Slaughter Announces $600,000 for Worker Justice Center to Combat Human
WASHINGTON, DC — Congresswoman Louise M. Slaughter (D-NY) today announced a $600,000 Department of Justice (DOJ) award for the Worker Justice Center of New York, Inc., which provides specialized legal services for survivors of human trafficking in agriculture. The funding was authorized by the Trafficking Victims Protection Act (TVPA), a law co-authored by Rep. Slaughter that was the first comprehensive federal law to address human trafficking, focusing on prevention, protection, and prosecution. The funding will be dispersed over three years and will be used to expand housing and shelter services, economic education initiatives, and mental health, substance abuse and legal services to victims of human trafficking.
“We have an obligation to help the most vulnerable among us, and that includes the survivors of human trafficking right here in Western New York,” said Slaughter. “I’m proud to have helped write the law that made this major federal award possible so that the Workers Justice Center can continue their important work. This grant will make sure this organization has the tools it needs to help local survivors,” said Slaughter.
The grant was one of several projects nationwide funded under the Department of Justice’s Services for Victims of Human Trafficking Grant Program, which enhances the quality and quantity of services available to assist victims of human trafficking. The program aims to increase communities’ capacity to provide aid to human trafficking survivors through the development of interagency partnerships, professional training, and public awareness activities.
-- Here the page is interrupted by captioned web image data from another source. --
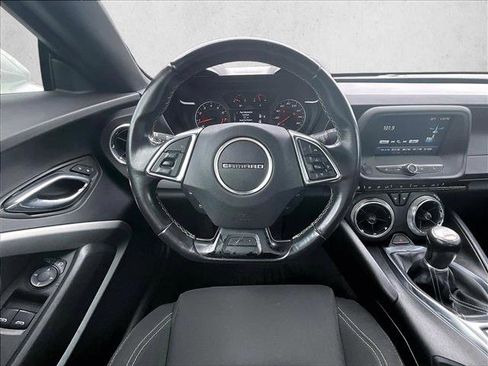 Used 2017 Chevrolet Camaro LS RWD image 7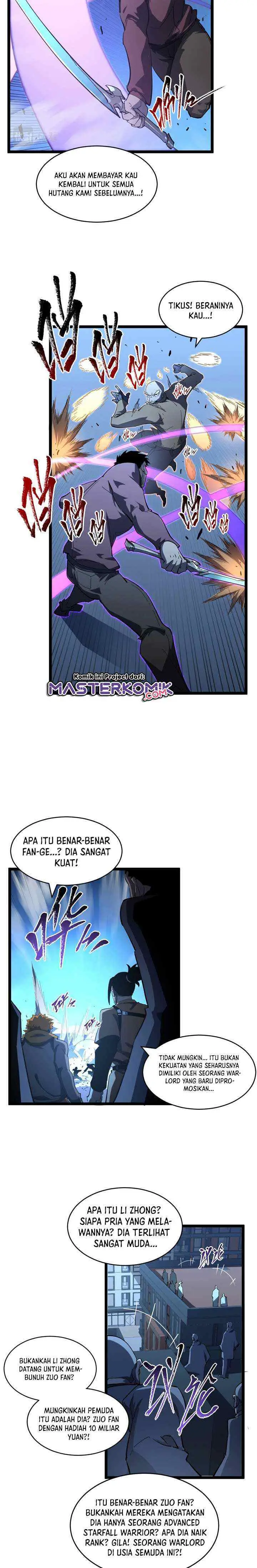 Rise From The Rubble chapter 62 halaman 6
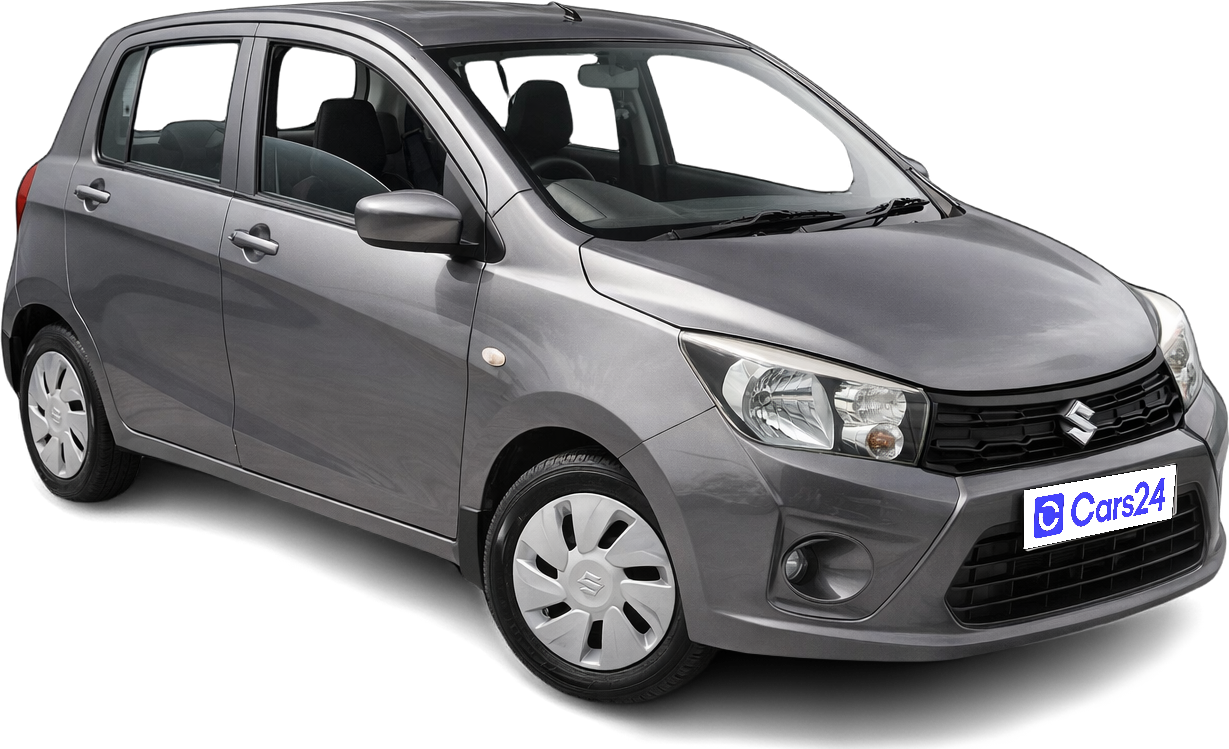 2018 Maruti Celerio - Hatchback - CNG - Manual - ₹3.50 lakh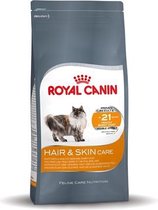 Royal canin hair & skin - 2 kg - 1 stuks
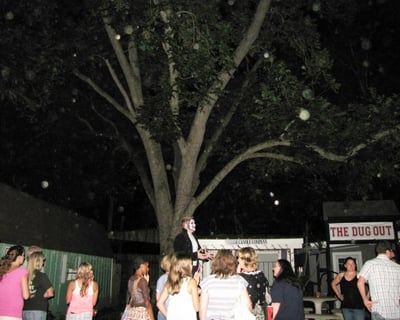 Guided Ghost Hunt of Old Town Spring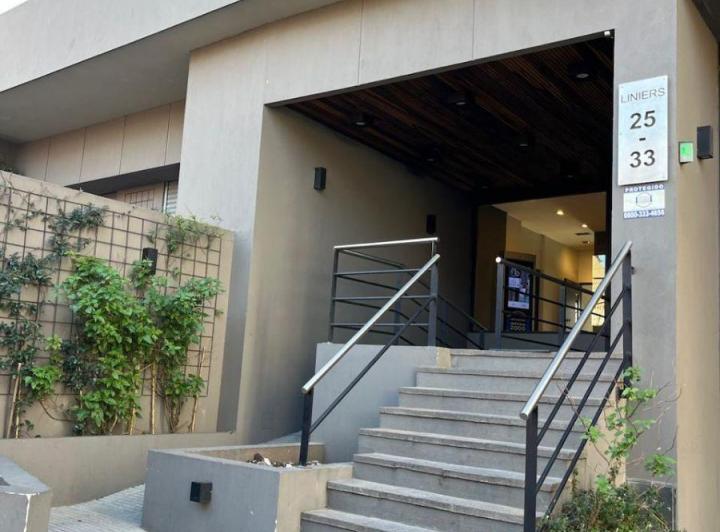 Departamento · 20m² · 1 Ambiente · 1 Cochera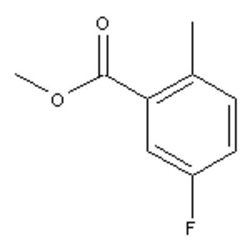 Accela Chembio Inc Methyl 5-fluoro-2-methylbenzoate | 25g | 175278-29-2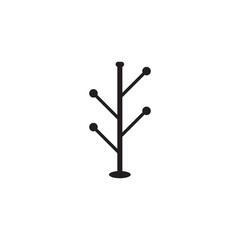 coat rack icon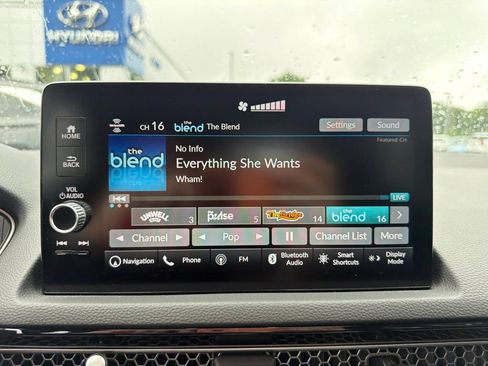 Used 2024 Honda Civic Touring image 25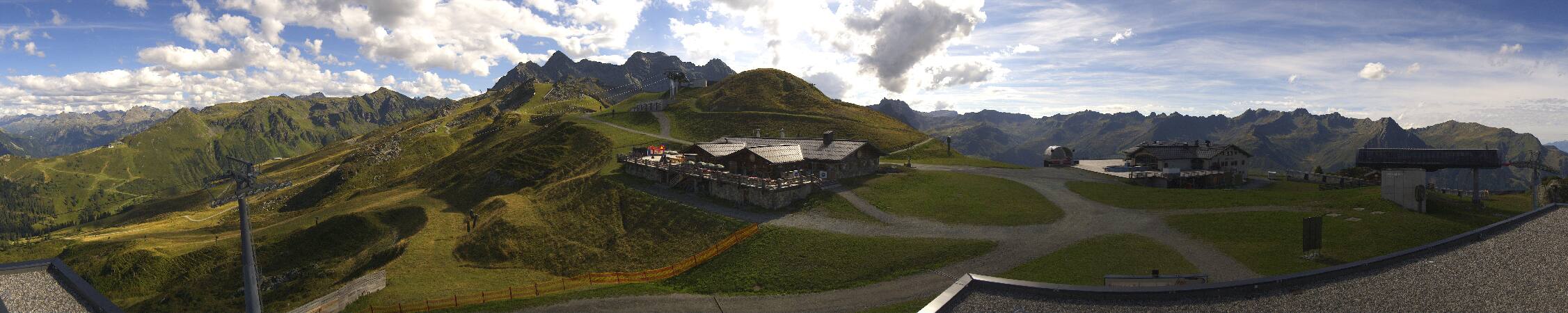 Silvretta Montafon | Valisera Berg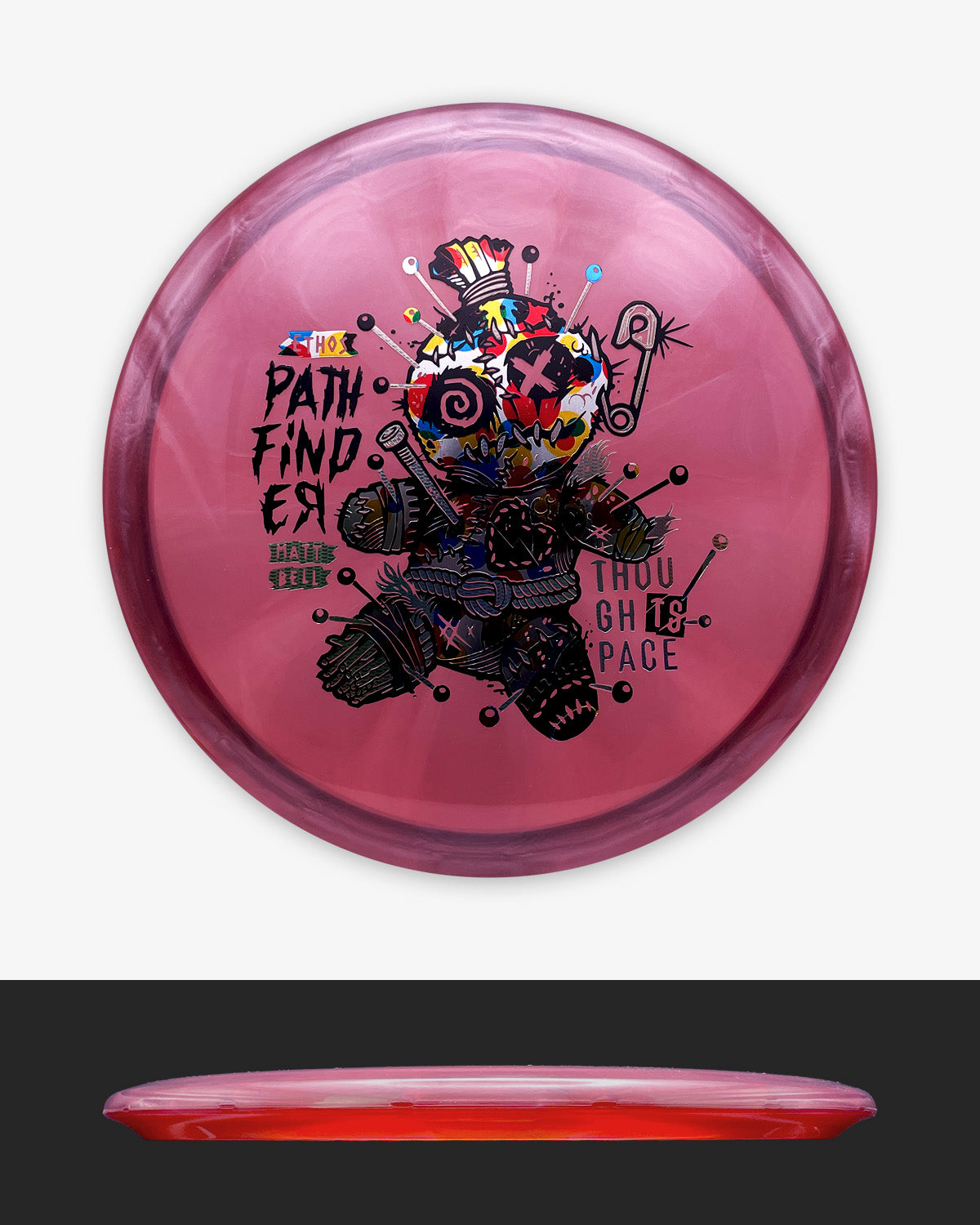 Thought Space Athletics Ethos Pathfinder - Matt Bell Edition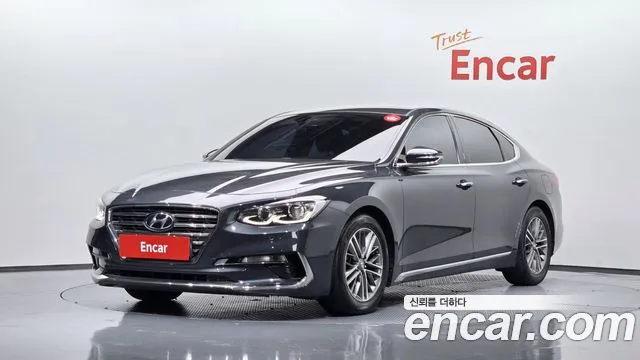 Hyundai Grandeur IG 2.4 Premium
The Worker Justice Center of New York has been leading the fight against human trafficking in agriculture for over 30 years. In 2001, under their previous name – Farmworker Legal Services of New York – they brought the first case of human trafficking to be prosecuted by the U.S. government under the Trafficking Victims Protection Act.
Slaughter has been a powerful advocate in Congress for survivors of human trafficking. In addition to co-authoring the Trafficking Victims Protection Act, she has also passed legislation combating child sex trafficking and fought against the U.S. Department of State’s troublesome 2016 Trafficking in Persons (TIP) report, which put political and trade expedience above human trafficking victims worldwide. This year, she has been outspoken in her criticism of the Trump administration’s decision to cut off funding for the United Nations Population Fund, which drastically impacted international services for victims of human trafficking.